08 Nov

Il n’y a pas que des licornes dans la vie

En 2013, 75% des licornes – ces startup valorisée à plus d’un milliard de dollars – étaient américaines ; aujourd’hui la part des Etats Unis a chuté à … 41% : descente aux Enfers ?

Une perte sèche de 34 points au profit des seuls Chinois : de ce gigantesque bras de fer mondial, les Français – et plus globalement les Européens – semblent bien exclus : le Vieux Continent pesait 25% en 2013, aujourd’hui il stagne à 23%, pas de quoi pavoiser !

Et surtout pour les Français qui ont du mal à en aligner 3 : Vente-Privée, Criteo et Blablacar ; leur valeur cumulée de 7,2 milliards de dollars les place bien loin du numéro 1 Uber, valorisé à 68 milliards de dollars – et même derrière les deux leaders européennes, la suédoise Spotify (8,5 milliards de dollars) et l’allemande Zalando (8,1 milliards de dollars).

On se console comme on peut en remarquant que les licornes européennes sont plus rentables que les américaines, que leur valorisation est plus réaliste, etc. ; mais la vraie question n’est-elle pas ailleurs : les licornes suffisent-elles à structurer l’économie d’un pays ?

Et à assurer le bien-être de ses citoyens ?

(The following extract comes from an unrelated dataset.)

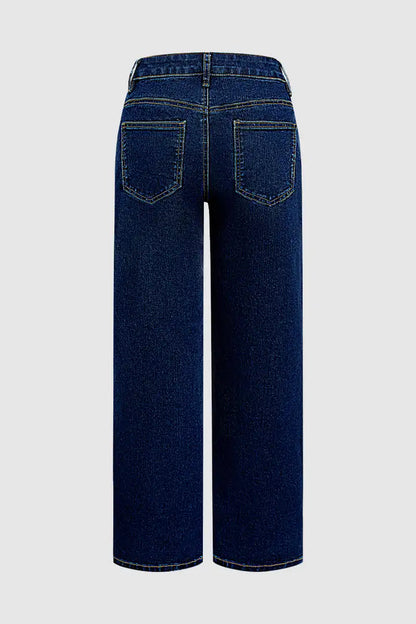 Wash Studded Mid Waist Straight Leg Jeans Without Belt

Bien sûr, tous les pays sont fiers de leurs entreprises successful : elles constituent des vecteurs d’image considérables, ce sont de formidables locomotives qui tirent le train des sociétés plus modestes.

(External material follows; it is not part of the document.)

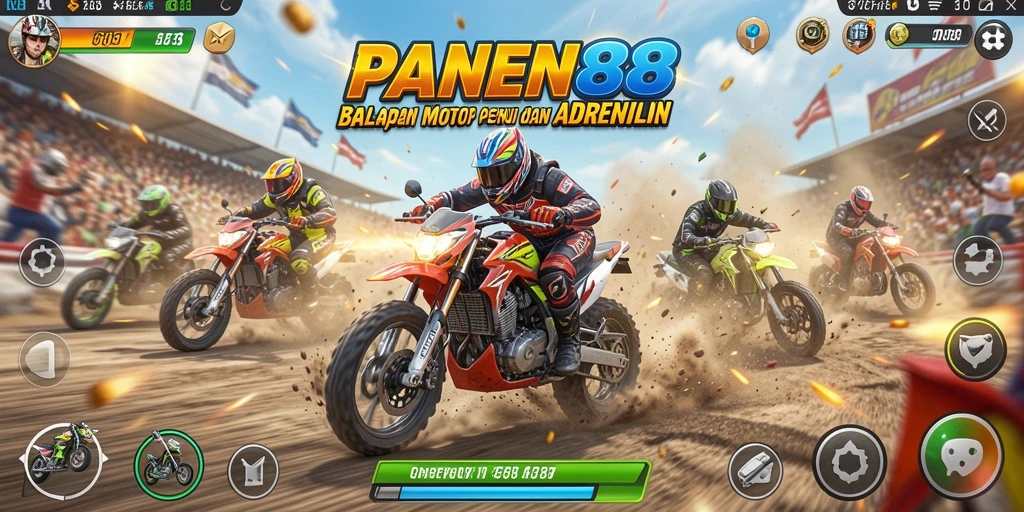 Gameplay seru PANEN88 dengan balapan motor yang mendebarkan.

Mais il n’y a pas que des patrons milliardaires, ou en passe de le devenir, en Californie : en fait, c’est aujourd’hui l’état américain qui compte aussi le plus de … SDF, parce que bien des salariés ne peuvent plus se payer des loyers prohibitifs.

Et si les GAFA offrent à leur employés bien des services, de la conciergerie au babyfoot et de la crèche aux salles de sport, les conditions de travail ne sont pour autant des plus agréables : pression gigantesque, stress permanent, horaires parfois déments, etc.

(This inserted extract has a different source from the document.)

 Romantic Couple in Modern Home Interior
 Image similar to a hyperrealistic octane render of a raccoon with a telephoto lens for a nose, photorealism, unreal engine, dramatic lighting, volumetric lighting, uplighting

Tout le contraire de ce qui peut se passer dans des entreprises à taille humaine …

Surtout la courses au gigantisme ne constitue pas la réponse unique : dans l’ancien monde, la richesse d’un pays, d’un territoire ne reposait pas sur ses seules entreprises cotées en bourse, mais également sur son tissu de PME ; ainsi la région bisontine a-t-elle assez aisément encaissé la disparition du géant de l’horlogerie Lip à la  fin des années 77.

Certainement la France n’est pas obligée de coller à la roue des Américains et des Chinois : le petit monde du High Tech français peut certainement se structurer à partir de startups de tailles plus modestes – ce que dans la vieille économie on nommait donc PME et ETI.

Ce qui pourrait aussi leur permettre de conserver une forte créativité, car le gigantisme est rarement synonyme d’inventivité ; rien n’empêche à la France et à ses entrepreneurs de concevoir d’autres modèles que l’éternel modèle américain – ou sa variante chinoise, où l’état joue un rôle très contraignant.